** Extracted information follows **

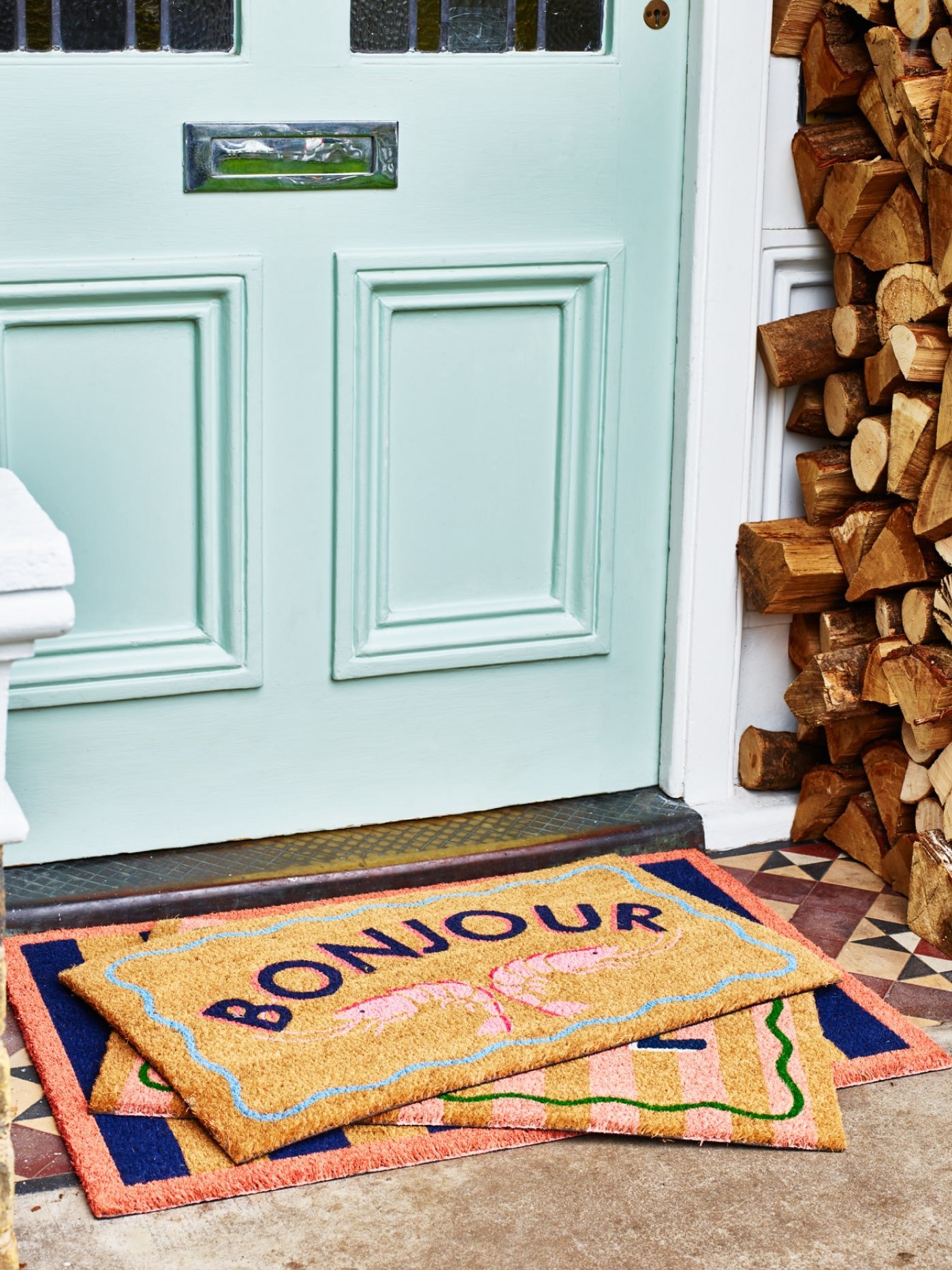 Bonjour doormat on door step in front of door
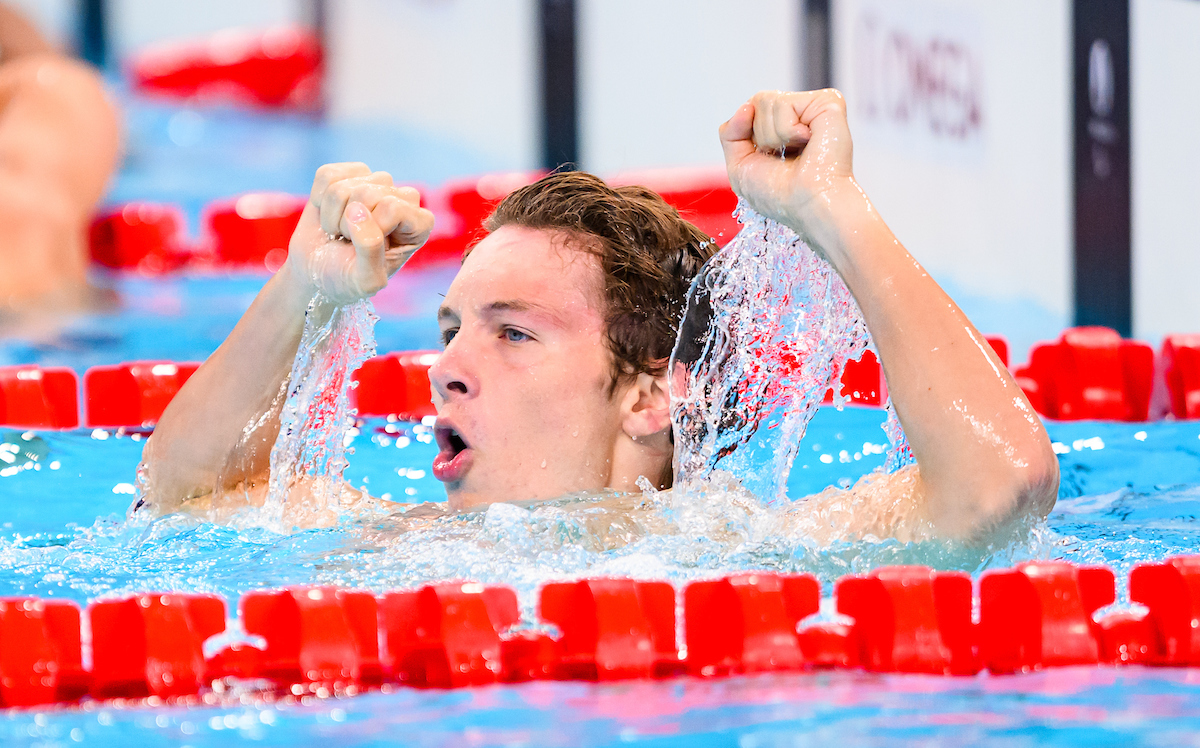 Nicholas Bennett raises his arms in the pool after winning gold.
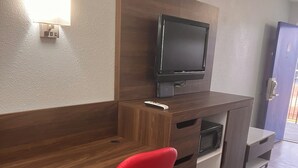 A hotel room with a wooden desk, a red office chair, a flat-screen TV, a microwave, and a small refrigerator.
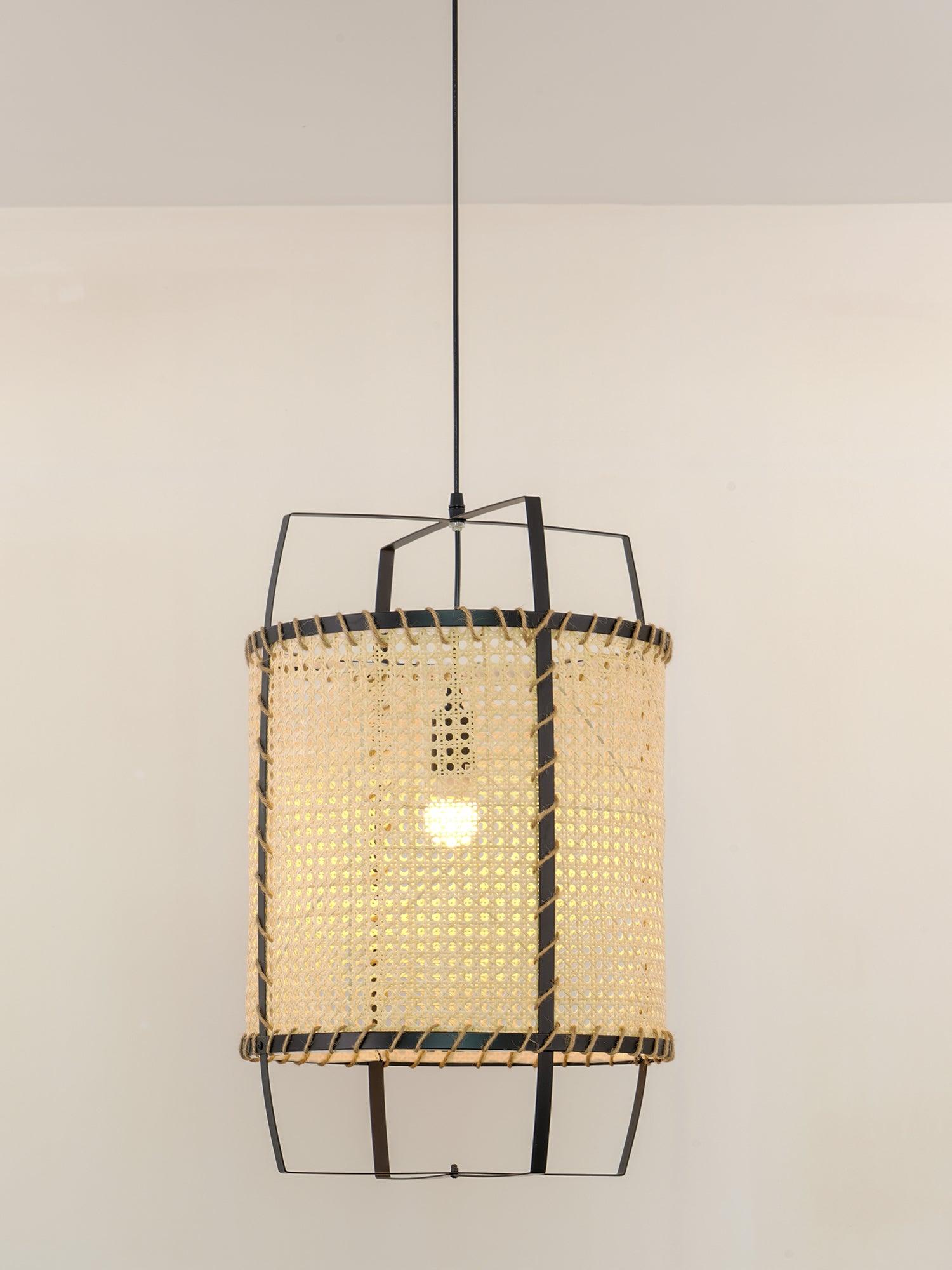 Lit cane pendant with a visible glowing bulb, black rims and geometric frame against a pale background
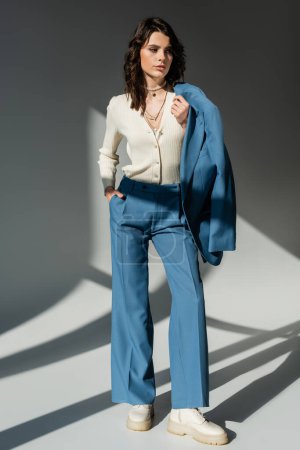 volle Länge der jungen Frau in weißem Pullover mit blauer Jacke im Stehen mit der Hand in der Tasche auf grauem Hintergrund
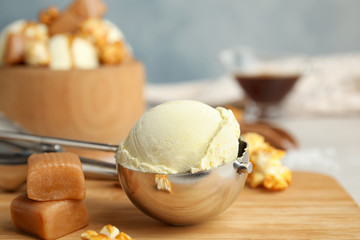 Delicious ice cream in scoop, caramel and popcorn on wooden board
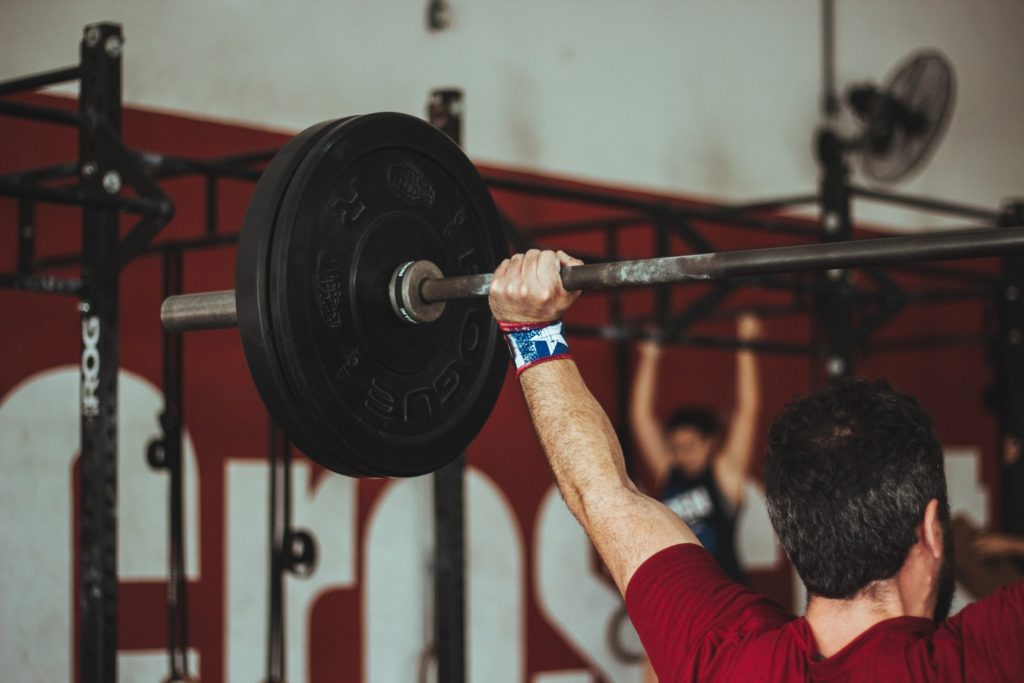 hobbies for weight loss include weight lifting. Pictures is a man raising a weights above his head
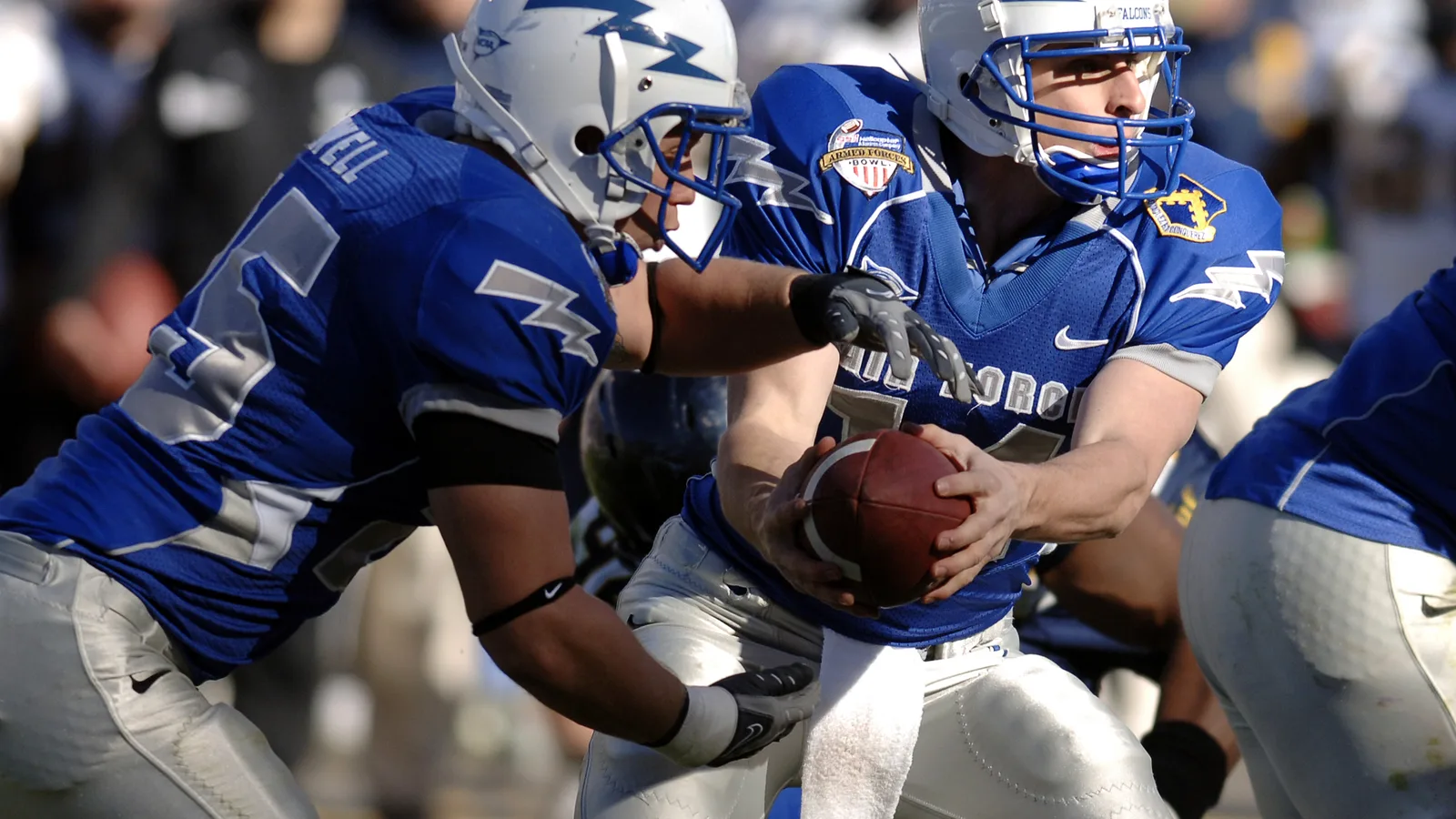 American football quarterback handing off the ball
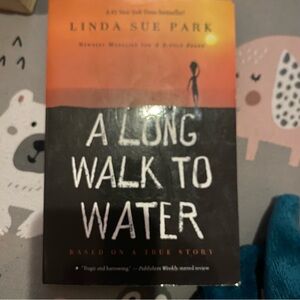A Long Walk to Water by Linda Sue Park - Orange & Black Paperback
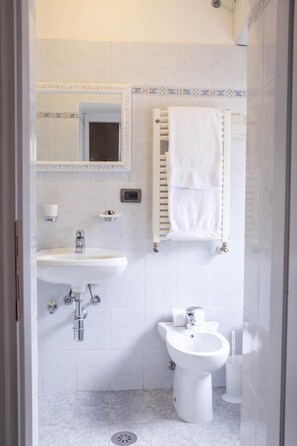 A bathroom with a sink, bidet, and towel rack.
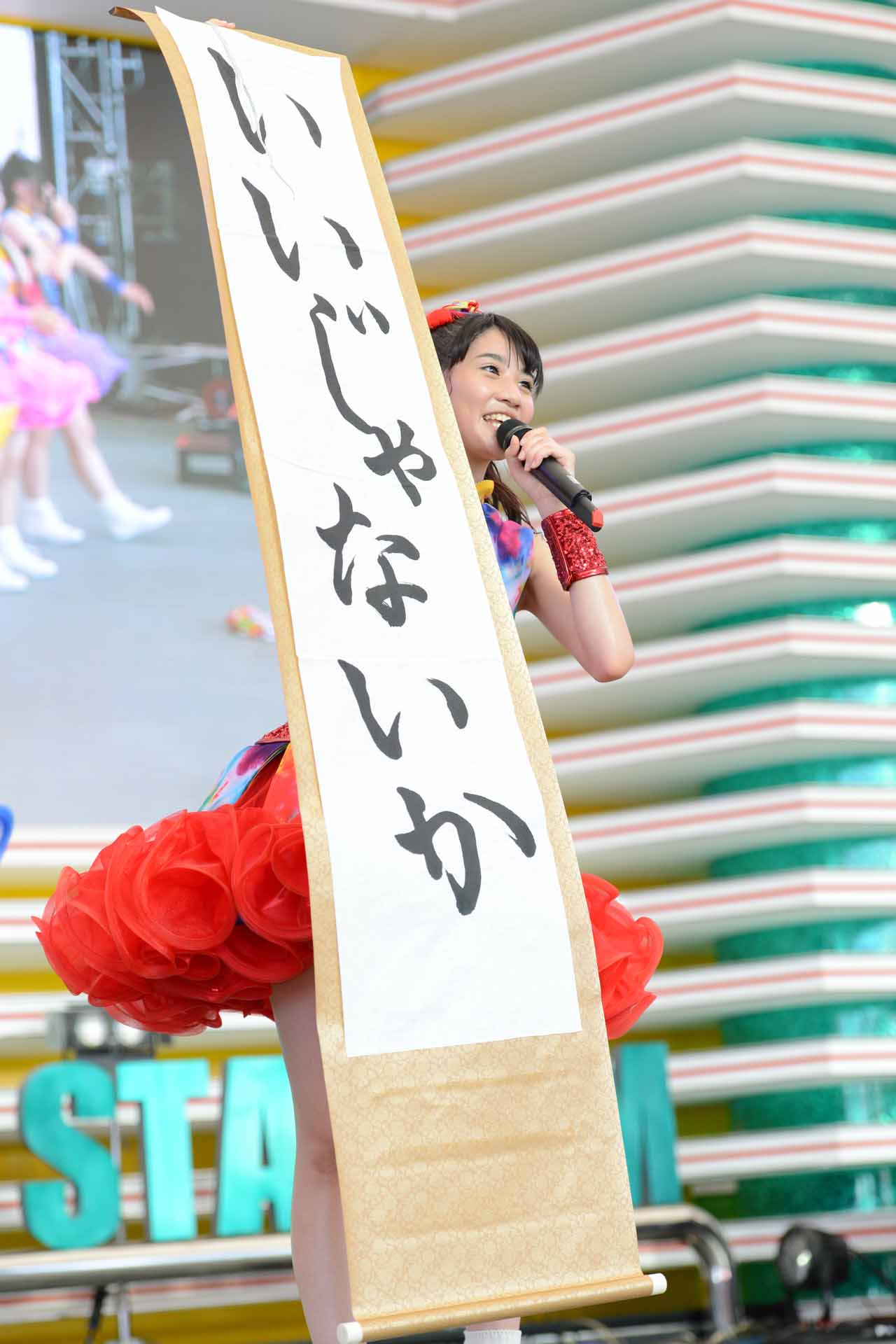 「いいじゃないか」と書かれた掛け軸を掲げる秋本帆華。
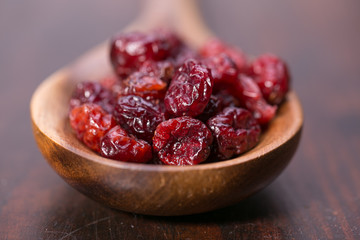dried cranberries in a wooden spoon. fruit full of vitamin c. 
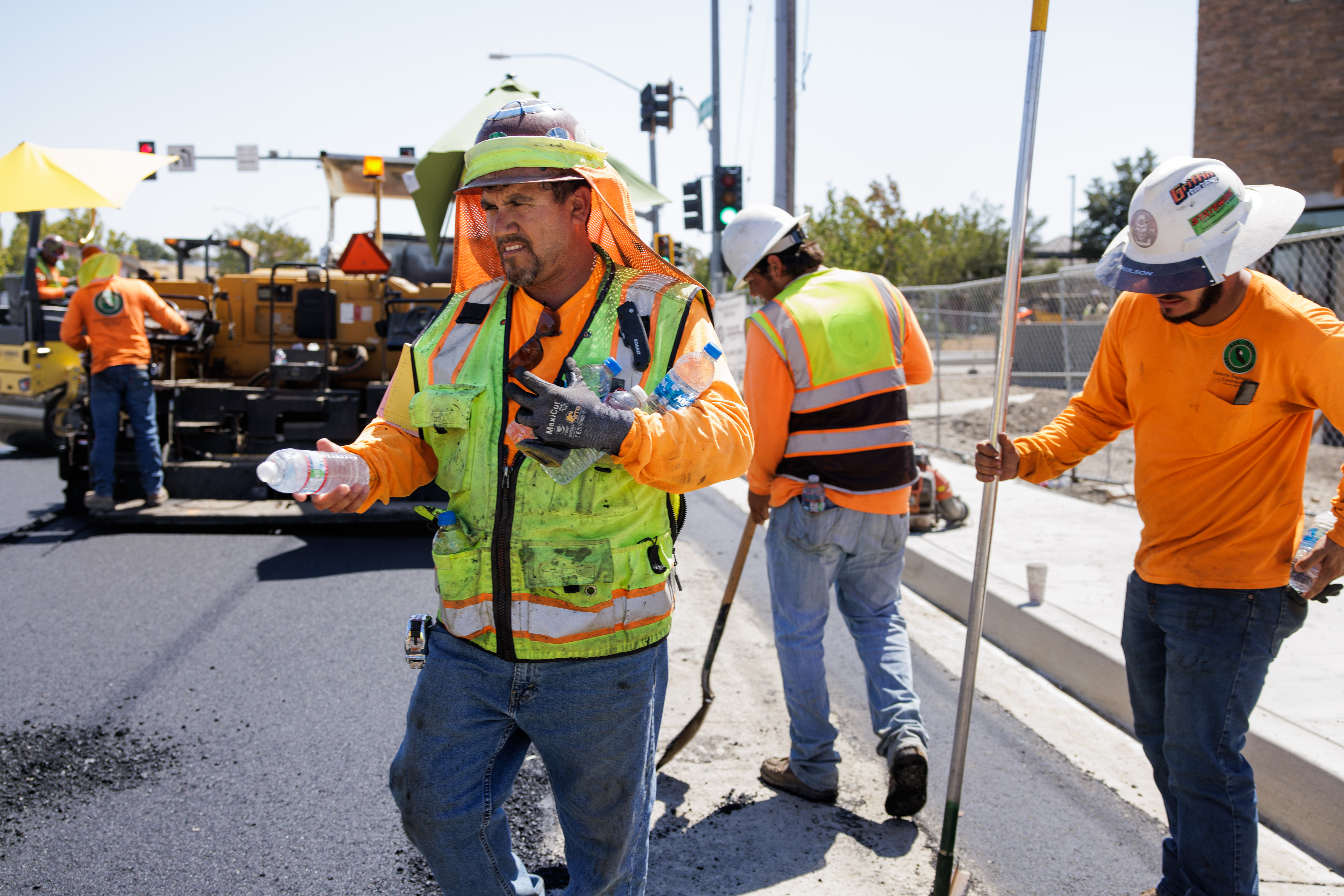 With temperatures over 100 degrees, construction worker Margarito Vargas from Eleven Western Builders gives fellow workers water bottles while paving a road in Livermore, Calif., on Aug. 16, 2022. The road work is part of a new Chick-fil-A restaurant location. (Dai Sugano/Bay Area News Group)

** End of Extracted information **

> _Instructions for the task_
In the listing above, find the line containing "Delicious ice cream" and the line containing "dried cranberries in". Print those two lines and every line between them exactly, with no pictures.

> _Completed task_
 Delicious ice cream in scoop, caramel and popcorn on wooden board
 hobbies for weight loss include weight lifting. Pictures is a man raising a weights above his head
 American football quarterback handing off the ball
A Long Walk to Water by Linda Sue Park - Orange & Black Paperback
 A bathroom with a sink, bidet, and towel rack.
 「いいじゃないか」と書かれた掛け軸を掲げる秋本帆華。
dried cranberries in a wooden spoon. fruit full of vitamin c. 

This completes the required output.